Tra le mete del nostro Bif&st 2020, è stato davvero un piacere per Cirano tornare al Teatro Piccinni. Ancora una volta è stato accolto da un rassicurante termoscanner puntato alla testa, dall’odore ormai familiare di disinfettante e dalle musiche del Maestro Morricone che distraggono da questa quotidianità fantascientifica.
L’appuntamento quotidiano è con “Golden Voices (Kolot Reka)” di Evgeny Ruman, che ripaga appieno l’attenzione sin dai primi fotogrammi.
È il 1990 quando Victor e Raya Frenkel, due importantissimi doppiatori russi, decidono di emigrare dall’Unione Sovietica verso Israele. Cambiare vita e trovare un nuovo lavoro non sarà semplice, ma i due non molleranno, ritrovandosi a vivere situazioni bislacche.
In particolare sarà il nuovo lavoro di Raya (Maria Belkin) a divertire gli spettatori e sarà la forza motrice che porterà disordine nel suo matrimonio, ormai da tempo un po’ addormentato.
Il film è una storia d’amore tra due coniugi legati da tantissimi anni, ma anche una storia di voci, di passione per il cinema e per Fellini, regista idolatrato da Victor (Vladimir Friedmanche), a tal punto da proporre, anzi pretendere di poter doppiare “La voce della luna” nel momento in cui gliene viene concessa l’occasione.

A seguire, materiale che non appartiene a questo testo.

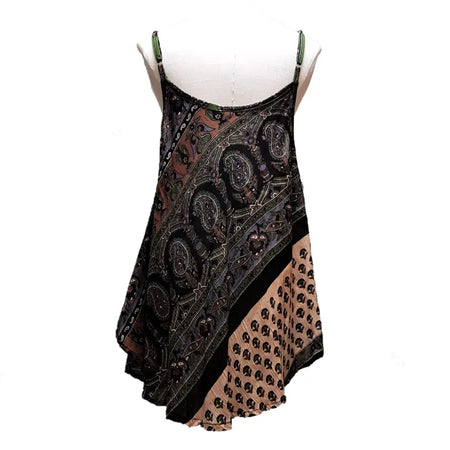 A black and beige sleeveless dress with indian print, green spaghetti straps, and a flowing asymmetrical hemline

La voce: è lei la vera protagonista del film.
È della voce di Raya che Victor s’innamora prima di conoscerla e proprio grazie a quella voce scoprirà i segreti della moglie; è dal suono della voce che l’uomo viene riconosciuto da una commessa come uno dei più grandi doppiatori del tempo; è la voce che unisce/separa la coppia; è la voce il tema di una canzone straniera e incomprensibile, ascoltata distrattamente in auto.
Raya si definisce “voce in sottofondo” nella loro vita matrimoniale, in quanto non nota interesse da parte del marito per ciò che lei vuole veramente e non sente di ricevere abbastanza attenzioni.
Ma, come spesso accade, la verità non è mai una soltanto.
Victor, a modo suo, la ama davvero e lo dimostra rincorrendola per farle indossare la maschera antigas, preoccupato per gli attacchi di Saddam Hussein, oppure scattandole foto in tutti i luoghi e i momenti che per lui ha importanza immortalare.
In quelle foto c’è sempre e solo lei, tranne nell’ultima, un selfie ante litteram di Victor solo e triste.
“Golden Voices” è quindi la storia di un uomo e di una donna il cui dono è possedere una voce unica e meravigliosa, che può giungere a migliaia di spettatori a loro sconosciuti, ma che non sa pronunciare un semplice “ti amo” alla propria metà.